Prior to the second trial, Emery requested Judge Hodny recuse himself. The judge refused. In response, Emery petitioned this Court for a supervisory writ. We denied the petition.

The second trial resulted in a jury verdict finding Dewitz 30 percent negligent, and Emery 70 percent negligent. The jury awarded the plaintiffs $165,804 in damages, which resulted in a damage judgment of $116,062.80. Emery moved for a new trial under Rule 59(b), N.D.R.Civ.P., claiming irregularity in the proceedings of the court, and error in law. The motion for a new trial was denied and this appeal followed.

II

Emery claims the trial court was biased against her, denying her a fair trial. In support of her position, Emery cites several statements made by the judge. We have reviewed Emery’s examples, along with the complete transcript of the proceedings. Only two of the judge’s comments merit discussion.

At both the first and second trial, Emery was represented by A. William Lucas. At the second trial, Dewitz was represented by David L. Peterson. During Lucas’s cross-examination of Dewitz, the following exchange took place between Lucas and Dew-itz:

“Q. And I indicated on page 58, line 10, Jon, do you remember when I took your deposition back in May 17, 1991? You answered yes. At that time you indicated you were concerned about your memory of your accident, didn’t you, and you answered no. Didn’t you tell me you were rehearsing this whole accident and refreshing your memory daily so you didn’t—
“A. Not daily. We went over things that happened every once in awhile.
“Q. My question was: You’ve spent a lot of time trying to keep these facts in mind and rehearsing for this trial again.
“MR. PETERSON: Your Honor, he is using the term rehearsing.
“THE COURT: Sustained. You can argue that to the jury in argument. You are not permitted to make comments on the evidence in examination of the witness. It is highly improper.
“MR. LUCAS: Okay.”

Similarly, during Lucas’s direct-examination of Regina Emery, the following exchange occurred.

“Q. Now, there is some — apparently there is some dispute as exactly where your car was when it was parked and Mr. Daubert drew the car in this position, as I understood it, when it was parked. Does that look like the way your car was at the time it was stopped?
“MR. PETERSON: Your Honor, I am going to object to that question. Mr. Lucas and Mr. Daubert had a discussion about that as an illustrative exhibit. The ‘to scale’ exhibit is that what Mr. Daubert drew on another exhibit. I object to him making that characterization.
“THE COURT: Sounds like a deliberate misrepresentation of Mr. Daubert’s testimony. Objection sustained.
“MR. LUCAS: I don’t think — he has got the motorcycle sliding right into the parked car—
“THE COURT: Have you any more questions for your witness?”
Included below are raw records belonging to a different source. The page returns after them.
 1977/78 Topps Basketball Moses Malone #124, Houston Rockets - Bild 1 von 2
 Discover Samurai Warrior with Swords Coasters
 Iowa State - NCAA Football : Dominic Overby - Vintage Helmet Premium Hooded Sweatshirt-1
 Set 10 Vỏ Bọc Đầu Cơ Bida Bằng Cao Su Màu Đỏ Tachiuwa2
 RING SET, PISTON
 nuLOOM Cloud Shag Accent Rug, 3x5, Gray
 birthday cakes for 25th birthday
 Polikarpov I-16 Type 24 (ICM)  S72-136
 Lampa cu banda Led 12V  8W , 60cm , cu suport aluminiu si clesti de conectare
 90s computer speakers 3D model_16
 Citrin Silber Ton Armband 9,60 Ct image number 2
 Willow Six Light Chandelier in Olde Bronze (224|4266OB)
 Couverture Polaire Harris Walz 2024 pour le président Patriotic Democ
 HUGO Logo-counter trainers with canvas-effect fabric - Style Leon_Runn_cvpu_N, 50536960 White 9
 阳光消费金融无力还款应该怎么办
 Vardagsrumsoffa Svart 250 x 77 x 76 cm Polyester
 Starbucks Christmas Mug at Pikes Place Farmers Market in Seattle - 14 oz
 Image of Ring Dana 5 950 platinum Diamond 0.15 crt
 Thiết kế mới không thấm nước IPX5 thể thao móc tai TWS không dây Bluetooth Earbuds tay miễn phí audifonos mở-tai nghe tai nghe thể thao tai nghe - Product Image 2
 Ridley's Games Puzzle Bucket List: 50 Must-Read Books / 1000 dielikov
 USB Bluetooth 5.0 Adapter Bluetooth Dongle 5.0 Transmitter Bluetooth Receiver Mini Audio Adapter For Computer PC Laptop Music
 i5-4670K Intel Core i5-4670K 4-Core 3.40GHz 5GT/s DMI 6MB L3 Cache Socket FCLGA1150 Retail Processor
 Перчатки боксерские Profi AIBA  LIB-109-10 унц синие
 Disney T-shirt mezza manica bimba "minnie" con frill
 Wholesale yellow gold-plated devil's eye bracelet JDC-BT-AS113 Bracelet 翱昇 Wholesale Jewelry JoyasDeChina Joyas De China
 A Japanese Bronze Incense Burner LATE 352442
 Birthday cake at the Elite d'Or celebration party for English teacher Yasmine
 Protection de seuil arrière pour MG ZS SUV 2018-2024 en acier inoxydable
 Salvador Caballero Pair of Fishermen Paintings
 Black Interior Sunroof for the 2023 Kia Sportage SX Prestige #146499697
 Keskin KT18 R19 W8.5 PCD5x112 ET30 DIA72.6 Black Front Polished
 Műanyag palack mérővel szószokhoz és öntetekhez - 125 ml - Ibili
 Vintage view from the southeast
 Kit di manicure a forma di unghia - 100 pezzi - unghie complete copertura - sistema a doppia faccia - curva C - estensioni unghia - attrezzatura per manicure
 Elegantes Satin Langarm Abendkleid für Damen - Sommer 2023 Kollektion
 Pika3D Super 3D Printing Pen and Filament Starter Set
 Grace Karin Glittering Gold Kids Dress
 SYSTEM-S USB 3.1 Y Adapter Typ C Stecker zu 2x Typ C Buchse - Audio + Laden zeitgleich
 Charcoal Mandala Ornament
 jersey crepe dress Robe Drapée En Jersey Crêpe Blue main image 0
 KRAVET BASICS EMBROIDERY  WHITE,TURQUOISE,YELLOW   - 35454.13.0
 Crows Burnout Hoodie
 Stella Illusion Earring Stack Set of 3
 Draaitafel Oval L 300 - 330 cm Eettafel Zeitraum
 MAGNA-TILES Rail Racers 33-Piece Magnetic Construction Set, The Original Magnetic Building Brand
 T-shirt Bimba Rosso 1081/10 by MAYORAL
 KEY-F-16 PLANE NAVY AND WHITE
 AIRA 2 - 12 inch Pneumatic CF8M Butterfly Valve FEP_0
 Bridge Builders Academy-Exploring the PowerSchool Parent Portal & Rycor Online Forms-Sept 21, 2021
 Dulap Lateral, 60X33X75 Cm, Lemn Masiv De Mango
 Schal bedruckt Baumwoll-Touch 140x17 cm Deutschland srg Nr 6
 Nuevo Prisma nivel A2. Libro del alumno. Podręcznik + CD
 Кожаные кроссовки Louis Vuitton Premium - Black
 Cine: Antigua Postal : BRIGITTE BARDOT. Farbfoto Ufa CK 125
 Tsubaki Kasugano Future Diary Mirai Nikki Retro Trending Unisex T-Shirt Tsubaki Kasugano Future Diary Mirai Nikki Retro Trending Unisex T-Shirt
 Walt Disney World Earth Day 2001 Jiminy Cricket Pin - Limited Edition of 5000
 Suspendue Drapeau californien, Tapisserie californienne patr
A trial judge appropriately may admonish attorneys when they stray into improper areas and use improper questioning techniques. Admonishment that could influ *337 ence the jury in its consideration of the case should take place out of the jury’s hearing. As we explained in Haugen v. Mid-State Aviation, Inc., 144 N.W.2d 692, 696 (N.D. 1966):

“A trial judge should, of course, maintain at all times an impartial attitude in the trial of the case over which he presides. He should not, by word, by question, by his attitude, or by any conduct on his part, do anything which may influence the jury in its consideration of the case. He should make no remarks which would show bias on his part in favor of any party to the lawsuit. Other than that, however, the trial judge is allowed great latitude and discretion in conducting the trial and, except for an obvious abuse of that discretion, his conduct of the trial will not be grounds for reversible error. The trial judge is the one who determines how the trial should be conducted. It is within his discretion, to keep the trial of the case within reasonable bounds and, where counsel for the defendant was going into collateral and immaterial matters, it was within the legal discretion of the trial court to keep the questions within bounds.”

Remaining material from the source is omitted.